Aus dem Nähkästchen: Medizinstudierende berichten

Hamna Mahmood studiert Humanmedizin an der Heinrich-Heine-Universität in Düsseldorf. Aktuell befindet sie sich in ihrem Wahltertial Gynäkologie und Geburtshilfe im Rahmen ihres letzten Studienjahrs. In diesem Interview blickt die angehende Ärztin auf ihre Studienzeit zurück und berichtet unter anderem von einer unvergesslichen Sectio, schlimmen Studienerinnerungen und ihren Zukunftsplänen.

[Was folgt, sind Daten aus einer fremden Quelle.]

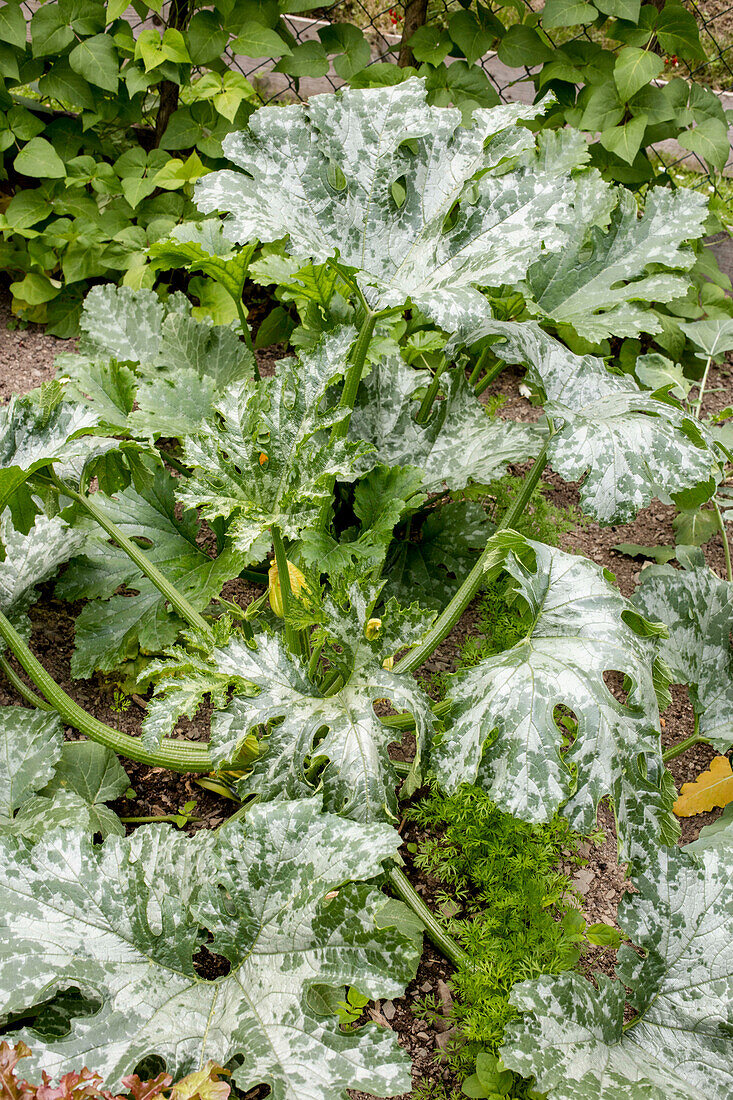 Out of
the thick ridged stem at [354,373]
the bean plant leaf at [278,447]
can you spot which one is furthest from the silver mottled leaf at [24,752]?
the thick ridged stem at [354,373]

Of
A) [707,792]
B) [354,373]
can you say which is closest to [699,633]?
[707,792]

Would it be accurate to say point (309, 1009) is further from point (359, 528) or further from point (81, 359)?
point (81, 359)

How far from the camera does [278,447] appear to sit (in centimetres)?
191

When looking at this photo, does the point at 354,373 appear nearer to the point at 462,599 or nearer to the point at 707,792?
the point at 462,599

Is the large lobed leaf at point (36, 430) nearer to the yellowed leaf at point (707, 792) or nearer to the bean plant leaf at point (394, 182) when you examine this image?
the bean plant leaf at point (394, 182)

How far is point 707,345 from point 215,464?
202 centimetres

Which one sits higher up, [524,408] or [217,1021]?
[217,1021]

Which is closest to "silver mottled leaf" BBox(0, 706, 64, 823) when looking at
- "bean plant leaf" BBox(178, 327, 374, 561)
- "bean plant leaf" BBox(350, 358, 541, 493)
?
"bean plant leaf" BBox(178, 327, 374, 561)

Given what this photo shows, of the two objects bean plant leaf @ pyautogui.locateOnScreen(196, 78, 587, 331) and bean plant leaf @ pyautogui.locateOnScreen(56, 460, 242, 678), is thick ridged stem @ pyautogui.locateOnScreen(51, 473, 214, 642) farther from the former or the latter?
bean plant leaf @ pyautogui.locateOnScreen(196, 78, 587, 331)

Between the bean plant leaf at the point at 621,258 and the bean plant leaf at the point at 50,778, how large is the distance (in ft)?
5.82

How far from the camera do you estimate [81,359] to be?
276 cm

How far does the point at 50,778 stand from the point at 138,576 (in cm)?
70

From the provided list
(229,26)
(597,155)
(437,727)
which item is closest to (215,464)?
(437,727)

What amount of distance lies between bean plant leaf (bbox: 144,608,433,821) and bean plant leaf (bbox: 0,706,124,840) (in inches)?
17.5
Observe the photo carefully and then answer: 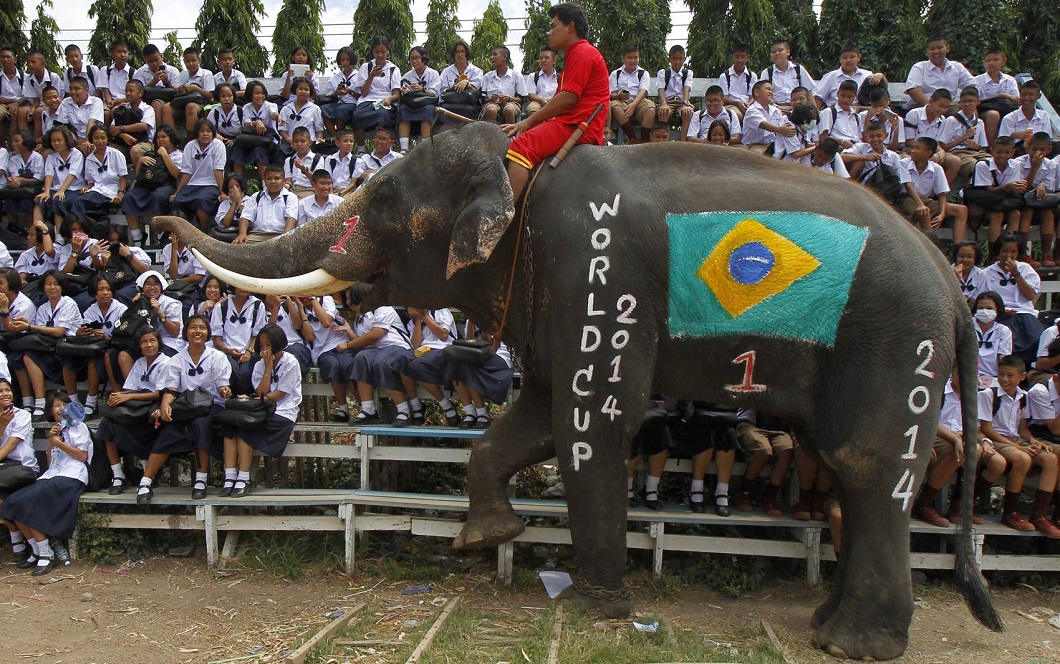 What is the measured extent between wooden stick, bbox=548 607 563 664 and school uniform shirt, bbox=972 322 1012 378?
398cm

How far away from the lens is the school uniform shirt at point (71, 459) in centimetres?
635

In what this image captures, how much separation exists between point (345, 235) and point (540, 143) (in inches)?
48.0

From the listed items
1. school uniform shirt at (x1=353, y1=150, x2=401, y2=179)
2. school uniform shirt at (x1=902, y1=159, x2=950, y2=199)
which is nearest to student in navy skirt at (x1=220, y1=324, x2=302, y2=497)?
school uniform shirt at (x1=353, y1=150, x2=401, y2=179)

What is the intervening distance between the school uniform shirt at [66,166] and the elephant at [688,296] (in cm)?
591

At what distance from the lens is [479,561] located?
20.6 feet

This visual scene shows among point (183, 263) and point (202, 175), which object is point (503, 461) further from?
point (202, 175)

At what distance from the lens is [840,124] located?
9680 millimetres

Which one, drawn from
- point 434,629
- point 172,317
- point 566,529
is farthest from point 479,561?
point 172,317

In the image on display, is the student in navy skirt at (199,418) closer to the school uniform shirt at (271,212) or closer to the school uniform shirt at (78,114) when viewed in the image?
the school uniform shirt at (271,212)

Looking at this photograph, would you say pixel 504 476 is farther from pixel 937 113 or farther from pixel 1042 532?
pixel 937 113

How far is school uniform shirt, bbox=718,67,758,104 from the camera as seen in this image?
35.2 feet

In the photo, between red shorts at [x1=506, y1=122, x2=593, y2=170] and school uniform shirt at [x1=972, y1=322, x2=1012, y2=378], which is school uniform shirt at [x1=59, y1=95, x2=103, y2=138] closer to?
red shorts at [x1=506, y1=122, x2=593, y2=170]

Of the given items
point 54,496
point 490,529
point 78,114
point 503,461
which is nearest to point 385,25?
point 78,114

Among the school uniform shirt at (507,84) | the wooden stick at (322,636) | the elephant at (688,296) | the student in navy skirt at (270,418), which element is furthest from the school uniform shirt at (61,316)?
the school uniform shirt at (507,84) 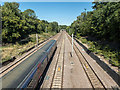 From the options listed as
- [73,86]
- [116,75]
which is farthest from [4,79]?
[116,75]

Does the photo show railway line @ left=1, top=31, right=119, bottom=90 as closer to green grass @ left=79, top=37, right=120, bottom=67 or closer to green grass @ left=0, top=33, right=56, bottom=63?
green grass @ left=79, top=37, right=120, bottom=67

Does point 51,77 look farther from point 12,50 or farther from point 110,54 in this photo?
point 12,50

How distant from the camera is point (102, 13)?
2156 centimetres

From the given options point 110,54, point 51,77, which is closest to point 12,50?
point 51,77

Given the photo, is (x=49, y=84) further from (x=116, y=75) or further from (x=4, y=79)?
(x=116, y=75)

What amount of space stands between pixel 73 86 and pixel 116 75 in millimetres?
4504

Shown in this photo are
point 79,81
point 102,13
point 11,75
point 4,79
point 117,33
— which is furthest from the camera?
point 102,13

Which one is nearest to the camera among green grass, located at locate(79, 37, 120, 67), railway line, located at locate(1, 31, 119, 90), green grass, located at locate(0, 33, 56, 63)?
railway line, located at locate(1, 31, 119, 90)

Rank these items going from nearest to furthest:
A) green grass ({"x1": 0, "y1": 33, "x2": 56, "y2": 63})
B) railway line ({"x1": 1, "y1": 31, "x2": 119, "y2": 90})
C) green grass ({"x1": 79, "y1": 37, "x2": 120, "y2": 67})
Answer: railway line ({"x1": 1, "y1": 31, "x2": 119, "y2": 90})
green grass ({"x1": 79, "y1": 37, "x2": 120, "y2": 67})
green grass ({"x1": 0, "y1": 33, "x2": 56, "y2": 63})

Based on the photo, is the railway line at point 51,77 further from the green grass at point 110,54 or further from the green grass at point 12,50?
the green grass at point 12,50

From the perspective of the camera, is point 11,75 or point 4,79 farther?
point 11,75

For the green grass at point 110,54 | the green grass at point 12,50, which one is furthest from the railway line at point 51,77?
the green grass at point 12,50

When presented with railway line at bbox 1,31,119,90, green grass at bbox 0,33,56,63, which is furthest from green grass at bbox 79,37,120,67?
green grass at bbox 0,33,56,63

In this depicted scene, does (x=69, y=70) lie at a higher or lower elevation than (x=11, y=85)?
lower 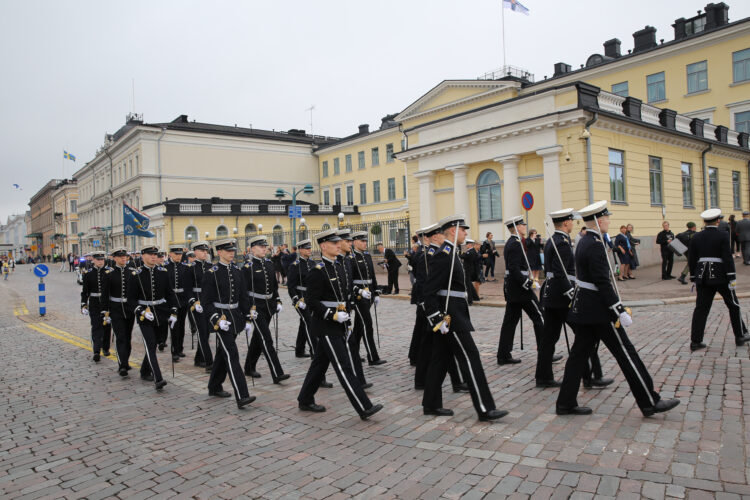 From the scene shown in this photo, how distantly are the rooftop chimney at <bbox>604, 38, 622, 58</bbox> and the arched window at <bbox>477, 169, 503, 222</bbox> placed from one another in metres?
29.4

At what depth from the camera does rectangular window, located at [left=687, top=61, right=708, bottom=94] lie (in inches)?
1423

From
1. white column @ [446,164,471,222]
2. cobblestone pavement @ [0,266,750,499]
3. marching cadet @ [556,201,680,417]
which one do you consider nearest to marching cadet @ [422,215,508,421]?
cobblestone pavement @ [0,266,750,499]

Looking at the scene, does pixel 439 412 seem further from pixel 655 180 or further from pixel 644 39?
pixel 644 39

Hamna Mahmood - Foto: privat

 

Was war der schönste Moment in deinem Studium?
Wenn ich an das Studium denke, fallen mir viele schöne Momente ein. Ich denke, dass es die kleinen Dinge sind, die zählen, seien es gemeisterte Klausuren, produktive Lernsessions oder aber auch die Zeit, die man mit seinen Kommilitonen und Kommilitoninnen verbringt. Der schönste Moment meines Studiums steht mir aber noch bevor (lacht). Ich freue mich auf den Tag, an dem ich nach meinem dritten Staatsexamen die Klinik hoffentlich als Ärztin verlassen werde.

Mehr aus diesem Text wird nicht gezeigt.